His son and namesake served as a Sergeant in 2/6 Field Regiment and the Middle East during WW2. His other son Richard was a Captain in 2/4 Light AA Regt AIF in Crete and the Middle East
Harrie Clark Coggins died at Eastwood, New South Wales on 2 July 1960 aged 84
His QSA with clasps for CC, Rhodesia, OFS and Transvaal is engraved in large block letters in the style referred to in “Australians Awarded: 2nd Edition as being unique to South Australians. The medal is named “LIET H.C.COGGINS NSW 3RD :IB”.
At the Noble sale was a DCM and QSA pair to Sergeant Knapman, a member of the South Australian MR who won the DCM as a machine gunner. His QSA was named in the style referred to in the above book and was in every way identical to the style of the Coggins QSA. Quite simply, they were done for all intents and purposes by the same hand. We know the one with the DCM is genuine, so by default this one would seem genuine as well. Why was it named in South Australia? Or, were the hand engraved South Australia issues named elsewhere and sent to South Australia?

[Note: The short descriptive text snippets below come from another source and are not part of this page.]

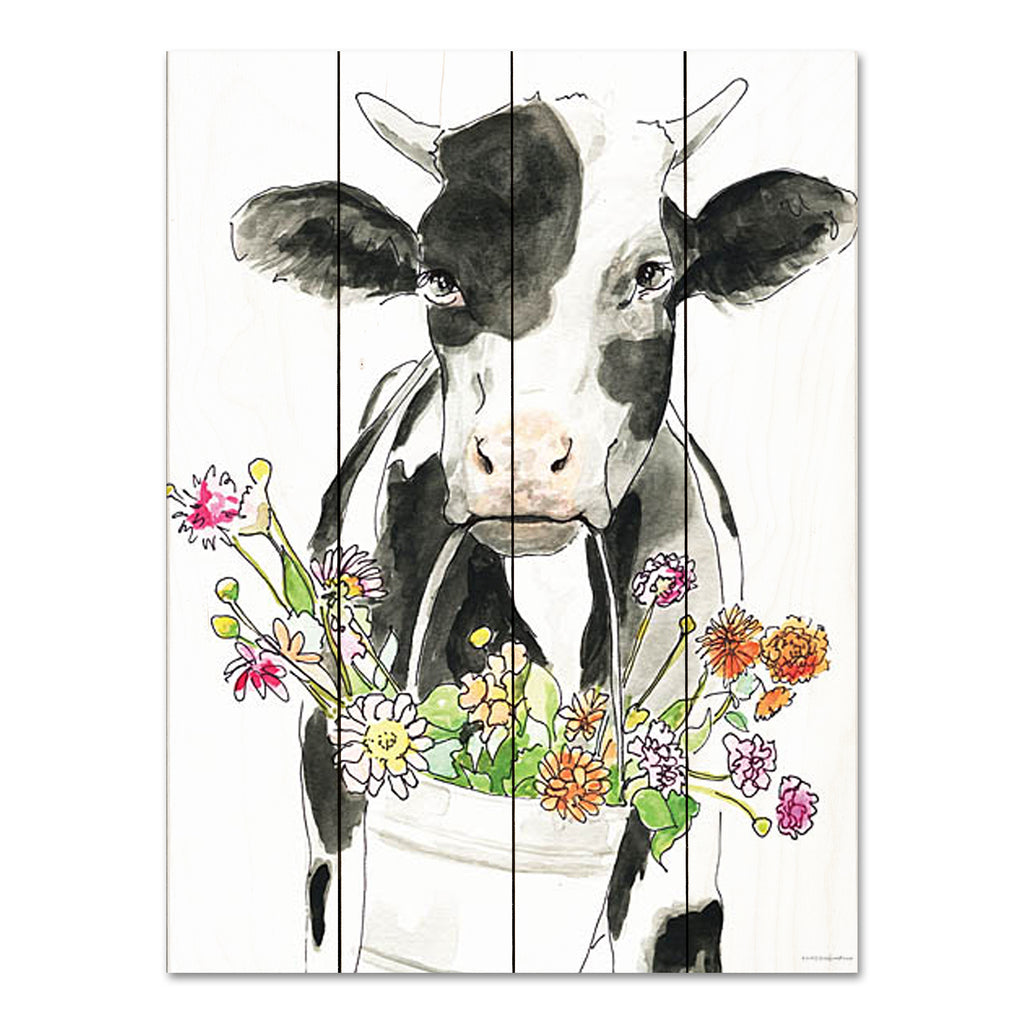 Kamdon Kreations KAM481PAL - KAM481PAL - Bessie - 12x16 Cow, Black & White Cow, Animals, Bucket of Flowers, Flowers, Wildflowers, Whimsical from Penny Lane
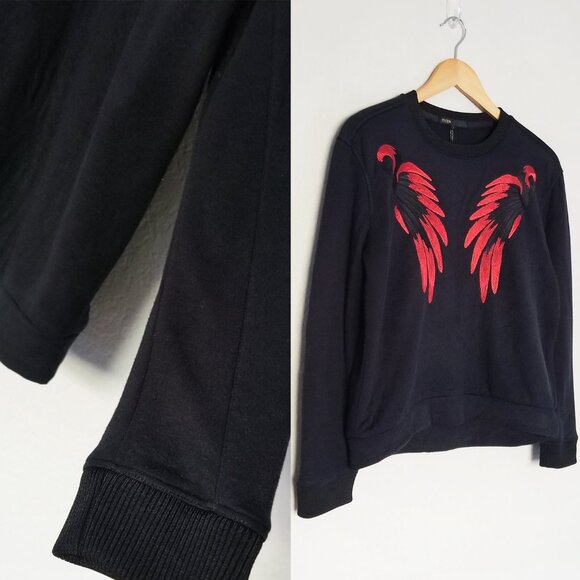 Maje Tonnerre Rouge Wing Embroidered Bird Sweatshirt Top Black S $220 Crewneck - Picture 15 of 16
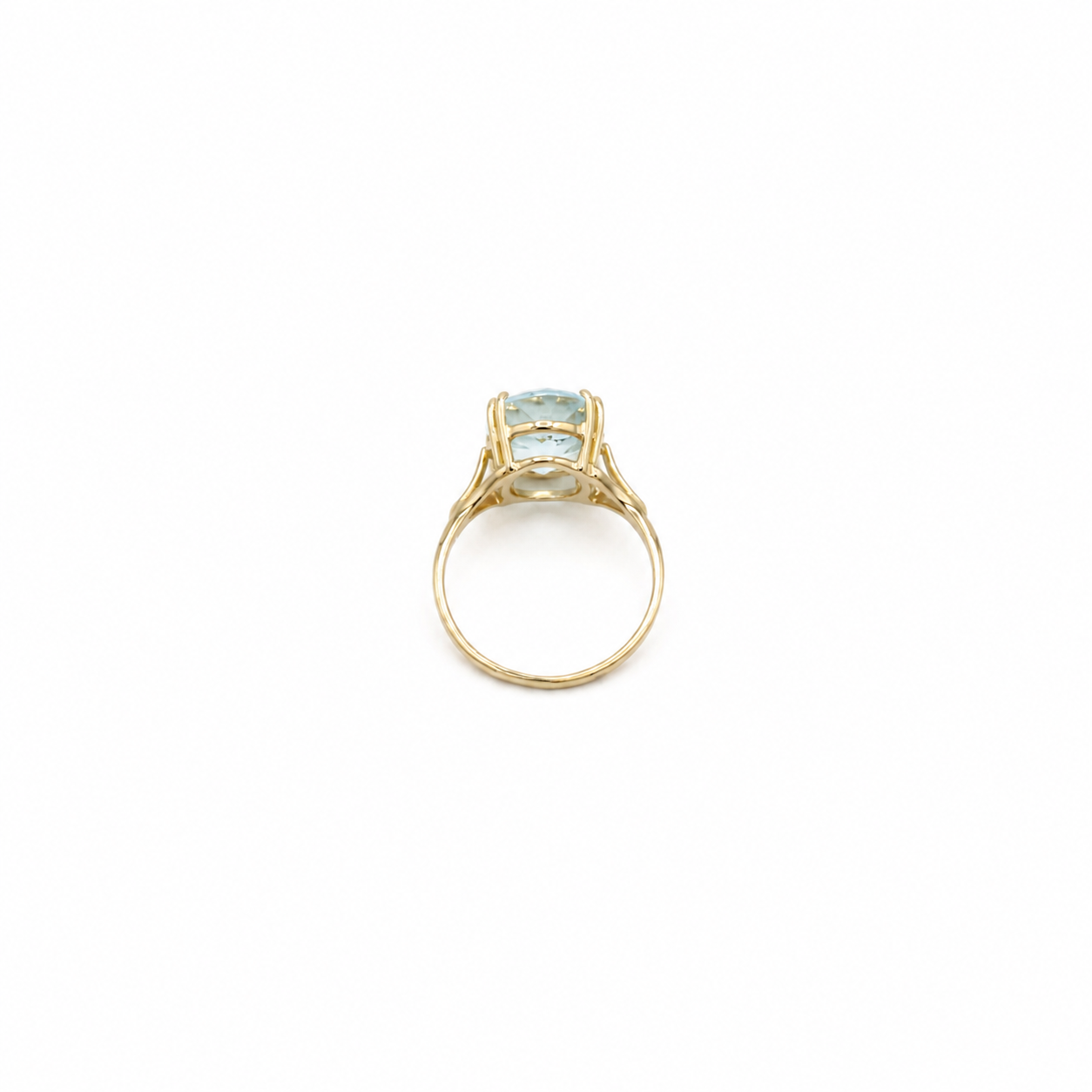Bague Or jaune - Aiguë Marine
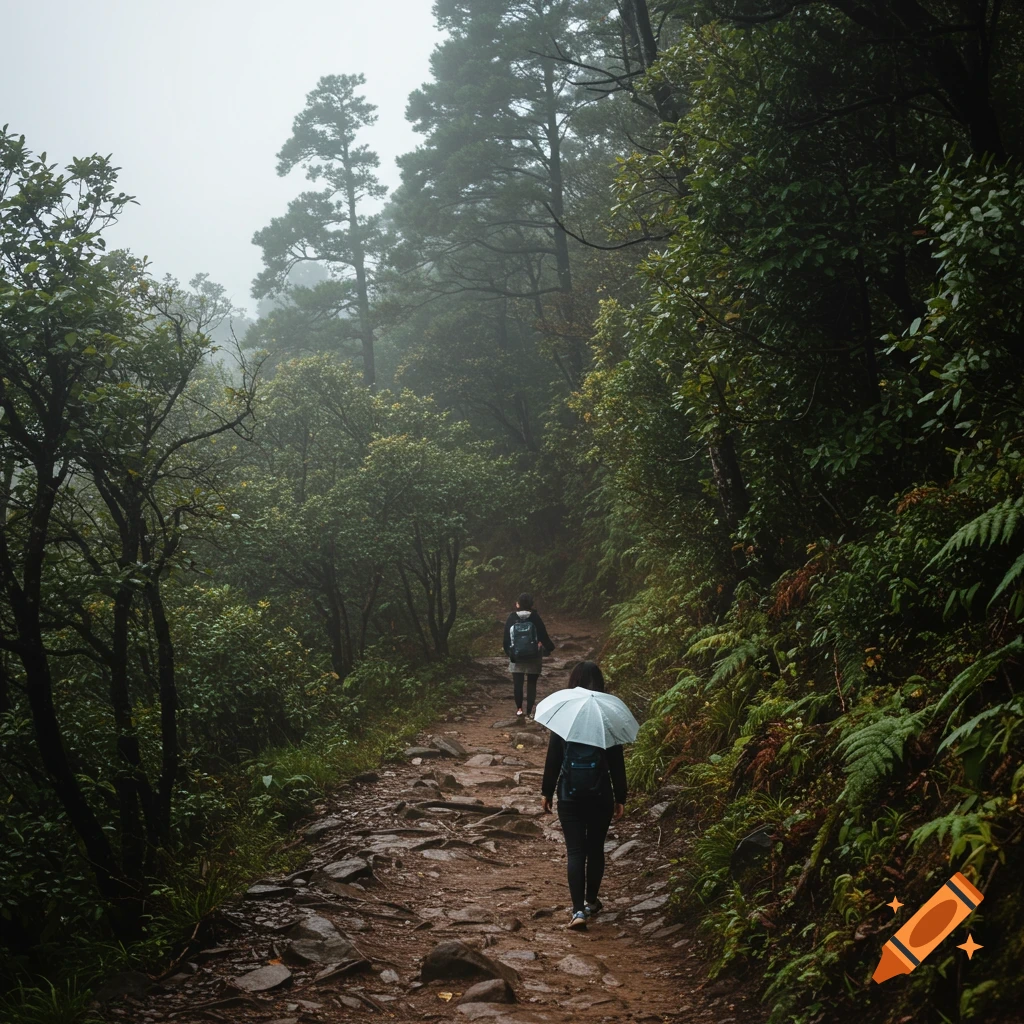 People hike on a rocky path through a misty forest.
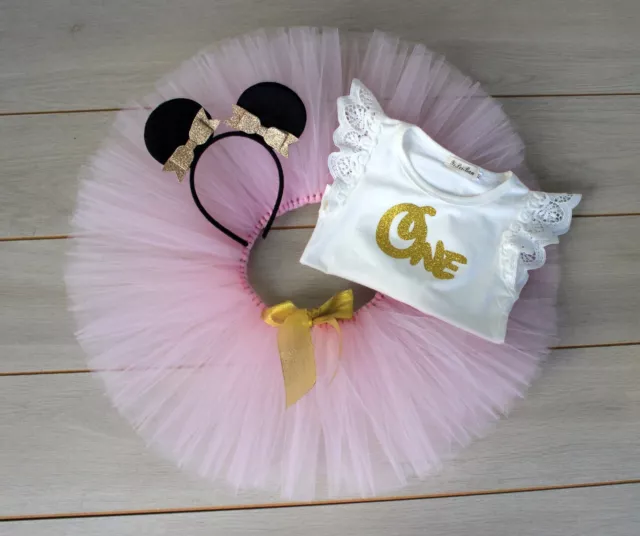 Pink & Gold Minnie Mouse Cake Smash Outfit - 3 Piece First Birthday Baby Girl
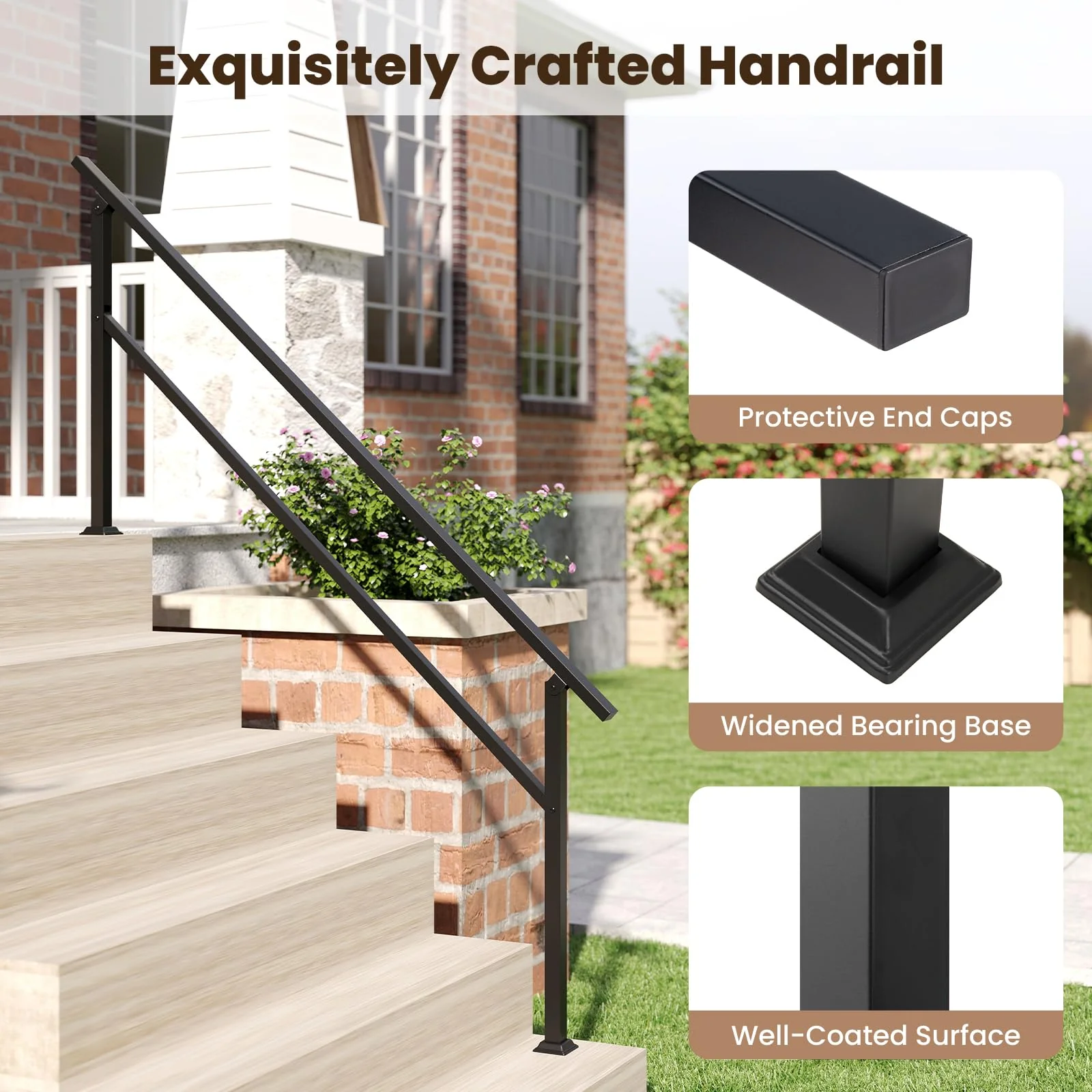 Goplus Metal Hand Rail Fits 0-6 Steps with Flexible Angle Adjustment - Image 7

Oddly Nobles sold a QSA with the same bars to Coggins impressed as a Sergeant NSW Bushmen in 1994. Did that medal ever make its way to him in South Africa and perhaps that is why his QSA is hand engraved. Or perhaps it was rejected by him due to the non commissioned rank. This pair first surfaced at Nobles in 2012 and was sold for $1500 plus premium to G Otypka. It was offered at Nobles in late 2022, early 2023 and returned and then purchased by me for $1000 plus premium (probably about the value of the KSA on its own)
The pair have the same wear, the same lengths of old ribbons, the same silver polish marks on the ribbons, and I would confidently state that they have been a pair for well over 100 years.
Is it ever going to be as a highly regarded as a doubly impressed pair to another Australian Regiment, probably not but then all officers QSAs are engraved. Is it an interesting set that I have redeemed and given some history back to – I am inclined to think so.
There were 640 KSAs to Australians, 207 to the 3rd NSW IB. The KSA is impressed LIEUT: H C COGGINS NSW IB.